I have 1 target variable and hundreds of predictor variables. I am trying to run linear regression on one predictor variable at once and then create a dataframe to save all the univariate linear regression results (namely - variable name, p_value) using a for loop.
here are my regression codes in python (X_data has all the predictor variables and y_data has the target variable:
import statsmodels.api as sm
for column in X_Data:
exog = sm.add_constant(X_data[column],prepend = False)
mod = sm.OLS(y_data, exog)
res = mod.fit()
print(column, ' ', res.pvalues[column])
the print results look like:
variable1 0.003
variable2 0.3
...
How can I create a pandas dataframe to save all the p_value results?
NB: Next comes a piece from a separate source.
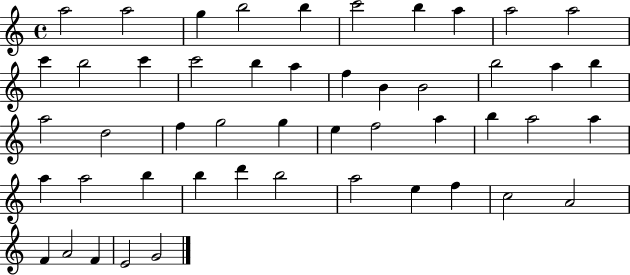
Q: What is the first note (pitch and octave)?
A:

CodePudding user response:
You can use apply with a lambda function for this.
X_Data['Prediction'] = X_Data.apply(lambda x: sm.OLS(y_data,x))
CodePudding user response:
You can initialize an empty container, say a dict
, before the loop then populate it and construct the DataFrame after.
d = {}
for column in X_Data:
exog = sm.add_constant(X_data[column],prepend = False)
mod = sm.OLS(y_data, exog)
res = mod.fit()
d[column] = res.pvalues[column])
df = pd.DataFrame.from_dict(d, orient='index', columns=['pval'])
# pval
#variable1 0.003
#variable2 0.300
If you need to store multiple pieces of information (coefficients, confidence intervals, standard errors...) then your dict
can store a dict
of attributes for each key.
d = {}
for column in X_Data:
...
d[column] = {'pval': res.pvalues[column], 'other_feature': ...}
print(d)
#{'variable1': {'pval': 0.003, 'other_feature': 'XX'},
# 'variable2': {'pval': 0.300, 'other_feature': 'YY'}}
df = pd.DataFrame.from_dict(d, orient='index')
# pval other_feature
#variable1 0.003 XX
#variable2 0.300 YY